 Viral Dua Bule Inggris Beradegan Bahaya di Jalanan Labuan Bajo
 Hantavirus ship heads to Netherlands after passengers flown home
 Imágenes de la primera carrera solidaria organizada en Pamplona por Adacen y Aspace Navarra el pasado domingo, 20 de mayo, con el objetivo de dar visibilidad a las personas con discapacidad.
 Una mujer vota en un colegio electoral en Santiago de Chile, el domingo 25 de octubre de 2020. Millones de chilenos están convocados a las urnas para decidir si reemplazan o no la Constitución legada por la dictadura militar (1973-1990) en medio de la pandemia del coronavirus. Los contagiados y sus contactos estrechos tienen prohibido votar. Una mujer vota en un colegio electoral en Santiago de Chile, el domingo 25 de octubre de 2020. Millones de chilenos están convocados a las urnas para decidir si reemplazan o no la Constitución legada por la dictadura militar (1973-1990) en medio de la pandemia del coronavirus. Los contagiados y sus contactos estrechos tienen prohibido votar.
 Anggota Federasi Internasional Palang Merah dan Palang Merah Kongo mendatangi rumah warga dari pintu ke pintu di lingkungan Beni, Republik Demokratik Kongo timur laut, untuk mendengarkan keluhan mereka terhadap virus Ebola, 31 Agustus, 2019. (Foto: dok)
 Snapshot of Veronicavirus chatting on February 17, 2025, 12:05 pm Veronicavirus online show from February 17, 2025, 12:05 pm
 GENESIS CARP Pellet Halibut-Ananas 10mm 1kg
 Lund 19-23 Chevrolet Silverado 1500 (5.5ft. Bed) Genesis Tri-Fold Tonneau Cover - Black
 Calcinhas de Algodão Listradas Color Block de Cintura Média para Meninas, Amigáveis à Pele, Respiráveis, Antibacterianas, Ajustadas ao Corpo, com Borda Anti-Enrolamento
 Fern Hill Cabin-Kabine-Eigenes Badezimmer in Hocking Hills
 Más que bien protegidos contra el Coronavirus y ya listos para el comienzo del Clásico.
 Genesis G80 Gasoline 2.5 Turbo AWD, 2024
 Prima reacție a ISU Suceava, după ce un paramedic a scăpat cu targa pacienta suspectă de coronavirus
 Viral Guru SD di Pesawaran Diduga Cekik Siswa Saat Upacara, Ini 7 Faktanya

****

◆ What you have to do ◆
Extract, verbatim, the lines from the one containing "Genesis G80 Gasoline 2.5 Turbo AWD, 2024" through the last line of the listing above.

◆ Written solution ◆
 Genesis G80 Gasoline 2.5 Turbo AWD, 2024
 Prima reacție a ISU Suceava, după ce un paramedic a scăpat cu targa pacienta suspectă de coronavirus
 Viral Guru SD di Pesawaran Diduga Cekik Siswa Saat Upacara, Ini 7 Faktanya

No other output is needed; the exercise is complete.